You’ve got the email setting a date and time for an interview with the admissions team at the college or university you applied at.
Well, preparation is key. Prepare well and get yourself a good interview to boost your chances of getting into that school. Fail to prepare and you’ll harm your chances.
Whether you are interviewing in person or via video calls, the aim of the interview is for the school to learn more about you, your interests, and how you’ll be able to contribute to the school.
There are common general questions that multiple admission sites have referenced, though specific questions may vary from course to course.
Here are the top five most popular and suggestions on how to best answer them:
Question #1: Tell me about yourself
This seems easy until you really think about it. The difficulty lies in how general it is, so you may not know how to begin. While the schools do want to know about you, this isn’t where you spill out your life story (there may not be enough time either – most interviews last around 30 minutes).
Suggestions: Brag about yourself humbly and succinctly. It may sound like an oxymoron, but with the right choice of words, you can paint a portrait of yourself as unique and separate from the other candidates. Throw in a little about your academic achievements as well as what you like to do in your free time.
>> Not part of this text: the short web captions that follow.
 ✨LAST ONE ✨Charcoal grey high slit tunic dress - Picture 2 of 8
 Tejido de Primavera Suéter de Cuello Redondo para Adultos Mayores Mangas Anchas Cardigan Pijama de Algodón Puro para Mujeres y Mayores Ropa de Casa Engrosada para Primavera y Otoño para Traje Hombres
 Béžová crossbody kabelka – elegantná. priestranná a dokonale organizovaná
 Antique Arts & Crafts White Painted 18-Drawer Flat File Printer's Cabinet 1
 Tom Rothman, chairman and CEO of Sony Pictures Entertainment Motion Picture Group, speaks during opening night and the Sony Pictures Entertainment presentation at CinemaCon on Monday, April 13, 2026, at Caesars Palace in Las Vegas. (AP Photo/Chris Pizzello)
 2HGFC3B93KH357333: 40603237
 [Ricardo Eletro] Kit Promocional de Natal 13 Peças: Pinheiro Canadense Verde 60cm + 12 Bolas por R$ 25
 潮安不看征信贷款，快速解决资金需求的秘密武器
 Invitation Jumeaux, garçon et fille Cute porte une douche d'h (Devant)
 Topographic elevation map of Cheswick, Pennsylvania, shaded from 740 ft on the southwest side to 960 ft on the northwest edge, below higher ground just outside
Raissa Kanku, a sophomore at Ohio Wesleyan University said she sought input from others when preparing to answer this question. She asked friends, teachers and a coach for feedback about what they viewed as her best qualities.
“They gave me clear phrases that actually described my personality or even the things that I’ve done,” Kanku told US News.
Question #2: Why are you interested in this college/major?
Admission officers ask this question to see two things: 1) whether you’re really interested in the major/school; and 2) whether you take your college application process seriously.
Suggestions: There’s no easy way around this. Extensive research will be necessary. Don’t just talk about the school’s rankings, prestige or location, according to Prep Scholar. That just shows a superficial level understanding.
Instead, dig deep. Find out about the specifics about the school’s extracurricular activities, cultural values of the school, etc. If there’s a particular internship programme the school has, and that relates to the major you are applying for, talk about it.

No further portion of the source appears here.